Phoebe Philo has a vision. That being one where women aren’t subjected to a certain sense of flesh baring dress, but one where women are allowed to feel both comfortable and powerful at the same time being fully dressed. This form of thought gave shape to a new silhouette that has become somewhat of a designer & high street uniform: Seek any high street shop from Zara, to Topshop or H&M and thou shall find a Céline reference. Oversized chunky knitted sweaters in creamy colours, floor grazing soft touch suit pants in shades of grey and the perfect coats to be well balanced on your shoulders appropriate for all types of weather paired with crisp white trainers. Models gracing campaigns appear makeup-less with lightly wind tousled hair. These are the silhouettes of today. Phoebe Philo has been the talk of town for the past month as she gave a rare interview during the Vogue Festival. Besides the fact that she told the tale of how she got on with Céline and turned it into something we couldn’t do without today, she spoke strongly about wanting to make a political statement with her clothing.

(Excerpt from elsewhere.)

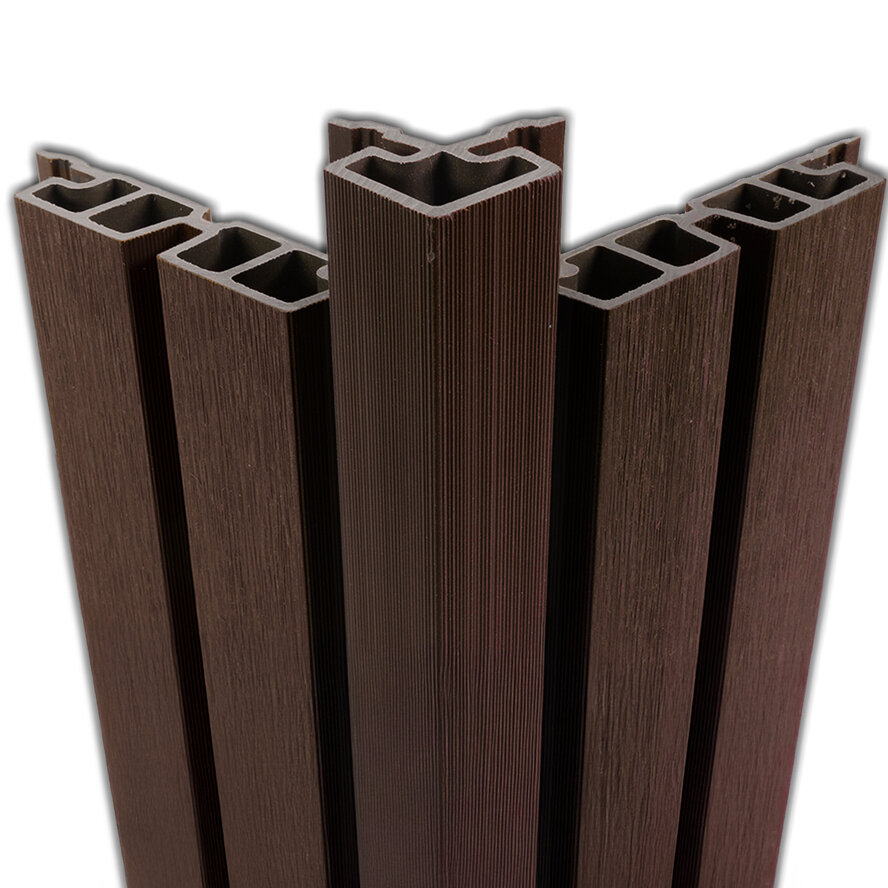 Composiet hoekprofiel - teak kleur - 67x67 mm - hoek afwerkprofiel houtcomposiet Composiet hoekprofiel - teak kleur - 67x67 mm - hoek afwerkprofiel houtcomposiet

What was most surprising were her thoughts on the high street copycats. She thought it was a sincere form of flattery when they referenced Céline to the extent that it clearly isn’t a copy. Yet there have been a few times that things appeared like twins from afar. Though, to her it didn’t matter, as the real Céline would always stand out with its impeccable quality. But what happens when other designers start embracing elements of this aesthetic and start making it their own. Their norm of quality coming extremely close or alongside that of Céline. When putting one designer beside another, the resemblance is crystal clear. Was that not a thing that would bother a designer in terms of being creatively copied not once but repeatedly, season after season, year after year, since 2009 and counting.
After reconsidering what Phoebe said, there might have been some things said that were misleading to the bigger picture. Could it be that her short mention of wanting to produce clothes with a political character was part of her bigger plan. A plan, where she gifted women with a new aesthetic covering comfort and power all through the system of fashion and it’s way with trends. A new silhouette that would seep its way through to other designers, the high street and eventually a pile of staples of many fashion conscious women. No wonder she sees her copycats with their accompanying behaviour as a form of flattery. Her message of female self-acceptance is clear as it is changing the face of fashion, turning it into something maybe not quite so mediocre after all.